PUBLISHED IN THE HERALD NOVEMBER 2018
“Christmas is coming and the goose is getting fat, please put a penny in the old man’s…”
Hold on a second. Christmas is coming? How can that be, it was only Halloween a few days ago. Yet there it is, all around, the irrefutable evidence: Christmas ads on the telly, Christmas offers in the shops, Christmas catalogues with your supermarket shopping.
Christmas, Christmas, Christmas. Will I say it a few more times, just so the word really sticks in your mind?
It’s mostly to do with sales and business, you will have noticed. For every one human being asking, “Well, have you any plans for the Christmas?”, you’ll encounter ten thousand adverts for things you don’t really want or need to buy.
They call this phenomenon “Christmas Creep”. That sounds like it could the main character from a festive-themed horror movie – possible one about a weirdo who stalks cheerleaders while pairing his customary trench-coat with a fetching Santa hat and “hilarious” Christmas jumper.
In reality, it’s something even more horrifying: the rapacious, all-devouring monster that is consumerism.
Oh, look, I know this is an annual complaint. “It seems to be coming earlier every year,” we moan. “It’s lost all meaning now,” we wail. “They’ll be selling crackers and turkeys in March before we know it,” we hyperbolically predict.
And it’s not a new thing, despite what everyone assumes. I seem to remember, in my childhood, ads for toys running on children’s telly in November, if not even October.
Probably, if you go back far enough in time, the people of 1st century AD Judea were giving out about how the star which announced Jesus’ birth was appearing earlier in the eastern sky every year, and they were sick of the local market giving it the hard-sell on discounted frankincense and myrrh. (“A perfect luxury gift for the person who has everything!”)
I even understand why shops push all this stuff at us for such a long period. Eh, it’s to make money. Obviously. That’s what shops do; it’s the entire raison d’être of free-market capitalism, sure. Not saying I like it, but I do at least understand it.

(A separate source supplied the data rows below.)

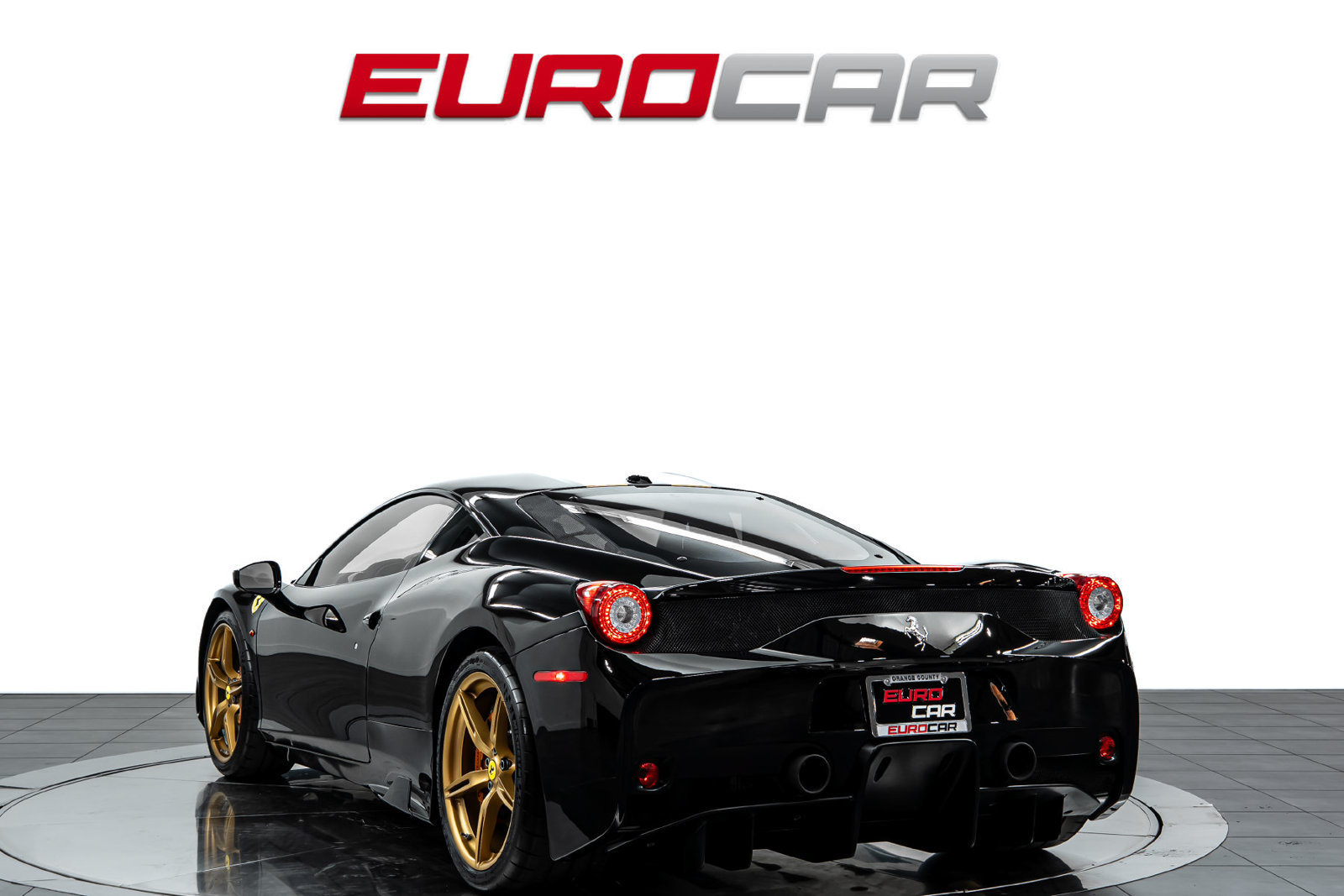 Used 2015 Ferrari 458 Speciale Coupe RWD image 3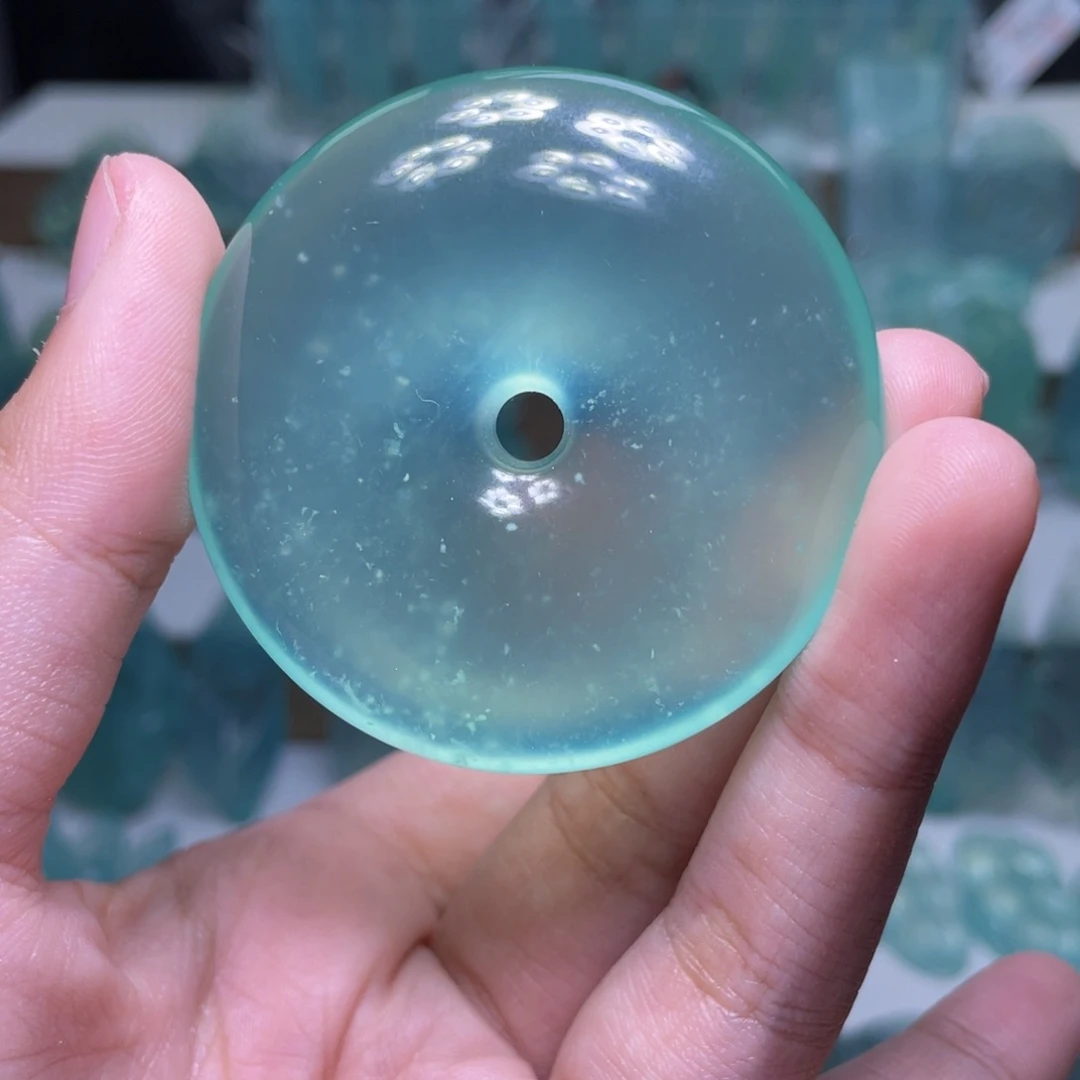 蛇纹石玉颈饰未镶嵌涛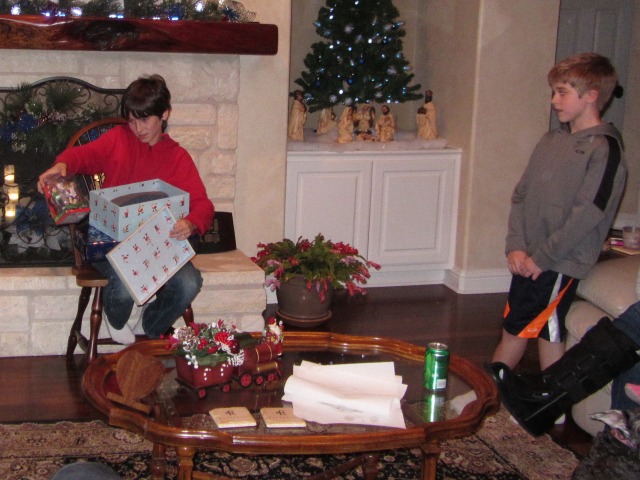 2013-12-23-Christmas-Eve-Eve-12-Dax-Ian.JPG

What I don’t understand are those folks who put up Christmas decorations immediately after the clock strikes midnight on November 1st. Now, this isn’t some wearying comment on tastes in interior design or anything – it’s far more simple, and profound than that.

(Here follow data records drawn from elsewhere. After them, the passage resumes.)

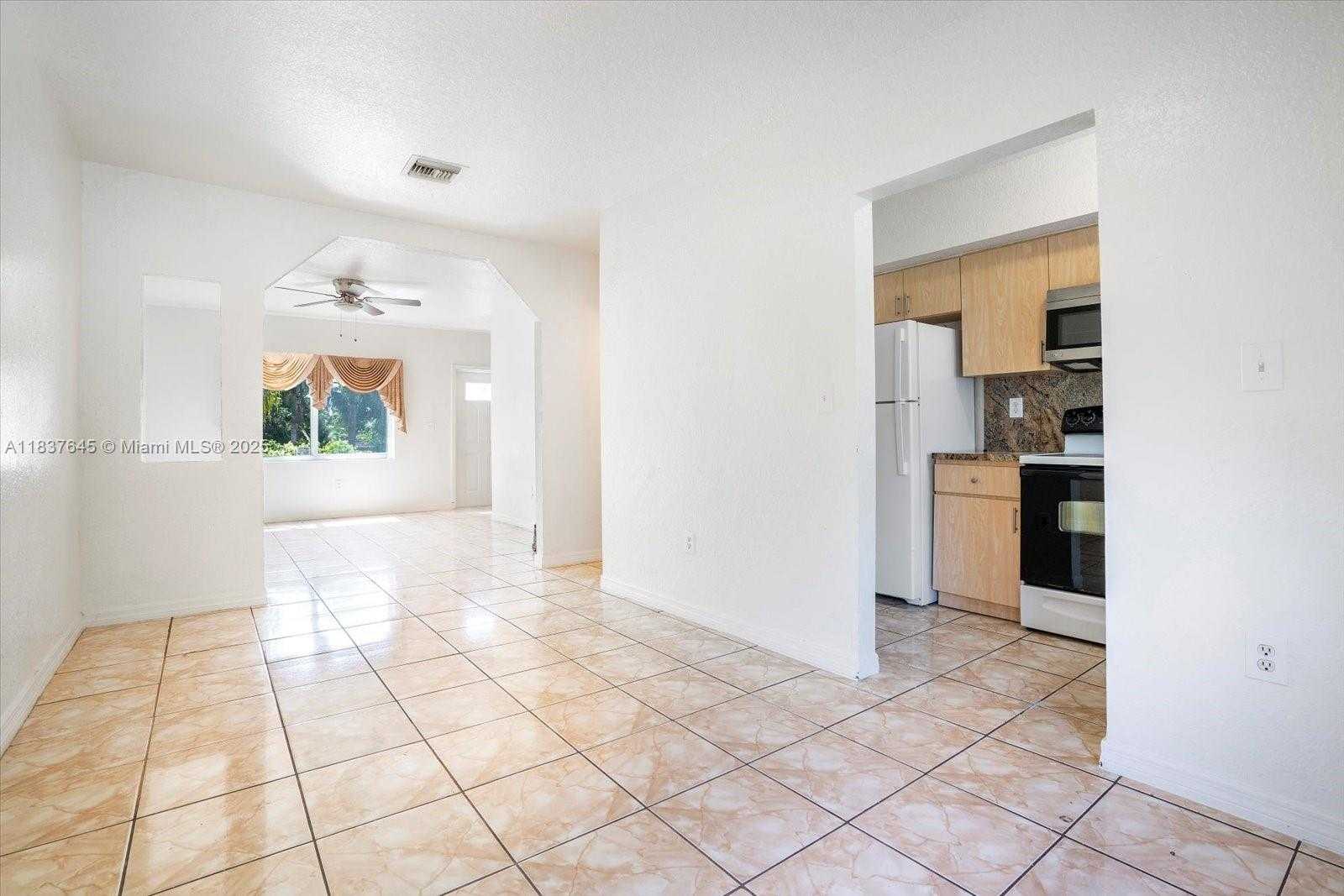 Small Image of 8310 NORTH WEST 2ND AVE #8310, Miami Number 10
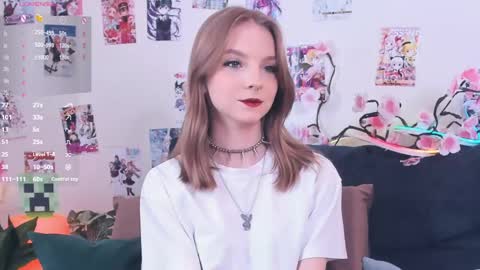 Snapshot of little__caprice chatting on 06/02/26, 07:54 Bella online show from 06/02/26, 07:54
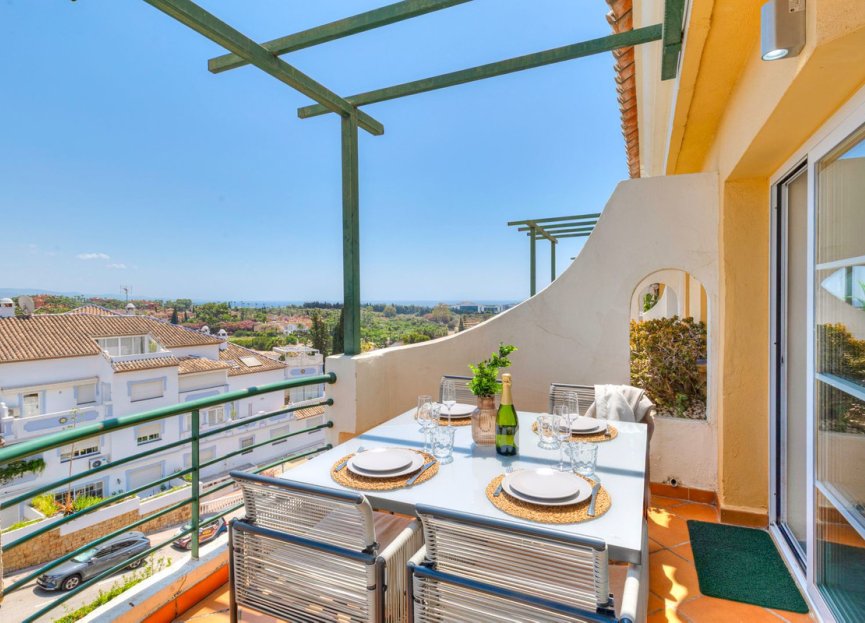 Resale - Apartment - Middle Floor Apartment - Marbella - Nueva Andalucia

Do they not get really sick of looking at Christmas decorations for two full months (plus change, as these people always insist on leaving it all up until at least the seventh day of January)? That’s a sixth of the entire year that you’re sitting there, surrounded by shiny baubles, green tinsel, Nutcracker figurines and amusingly-large stockings.
I don’t mind Yuletide decorations too much, generally speaking. They make our cities and towns look nicer for a while during the most hellish parts of winter. They make standalone houses stand out, beacons of light in the darkness.

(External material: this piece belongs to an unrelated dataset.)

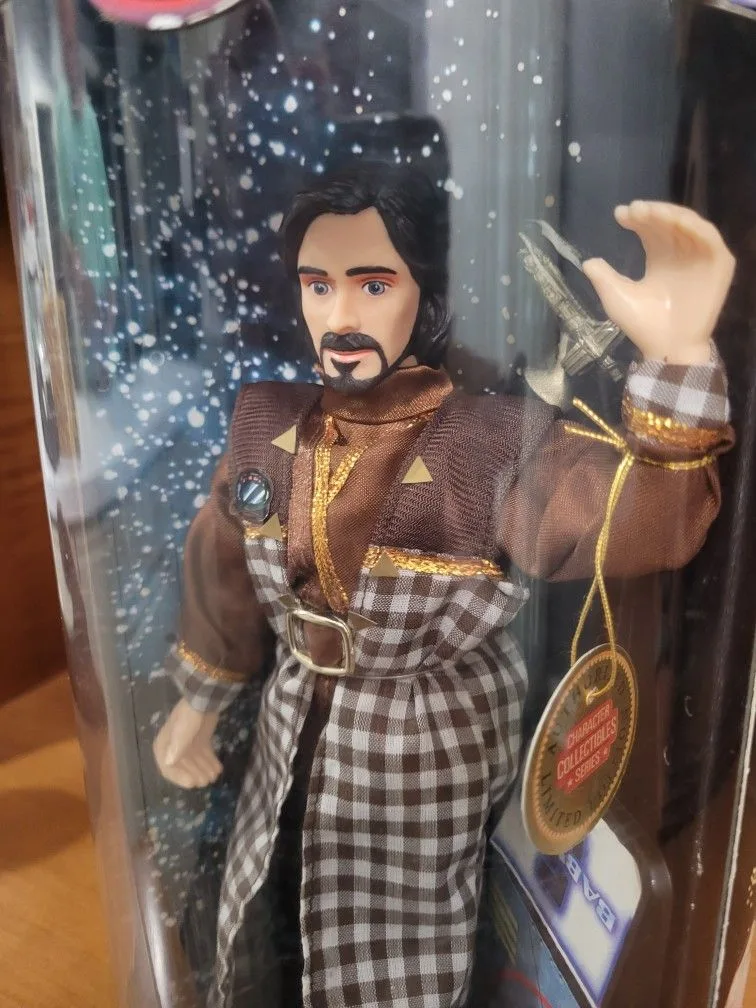 Babylon 5 Marcus Cole 9" Action Figure New 1997 Amricons image indicator(2)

They’re cheery and cheering; they remind us of childhood and provide a sweet little link between the generations. It’s pleasant to bring out the old bits and bobs that you’ve saved from your own past, showing them to the children, explaining where they came from or what they mean.
But two months of eyeballing the angel on top of the tree, and being eyeballed in turn by the Santa on top of the telly? Good God. I think I’d go postal if I had to endure that.
Still, I presume these early-adopters don’t mind – well, clearly they don’t, or they wouldn’t be doing this. I also presume that they’re the same people who throw up fake cobwebs and decapitated clown-heads around the middle of September.
They paint the house green and tattoo a shamrock onto their forehead in the third week of January. They order in catering-sized pallets of chocolate eggs and brush up on their catechism a good two months before Easter.
They’ve already booked the holidays for next summer, and the summer after that. Right now they’re searching online for tickets to the 2028 Olympic Games and the series of Garth Brooks of Croke Park concerts provisionally pencilled in for June 2041 (it’ll take that long to get permission from the local residents). You can never be too early with the preparations.
I also (also) presume that such people buy their Christmas gifts ridiculously early. You know, they swagger over with a smug expression sometime in mid-August and declare, “Yep – all the old Christmas shopping done now. Just need to order the Brussel sprouts for 2021 and we’ll be set.”
So, despite the fact that their enthusiasm for Christmas is at a level somewhere between “incomprehensible” and “downright weird”, all those ads currently colonising the telly and billboards are wasted on them. What an irony.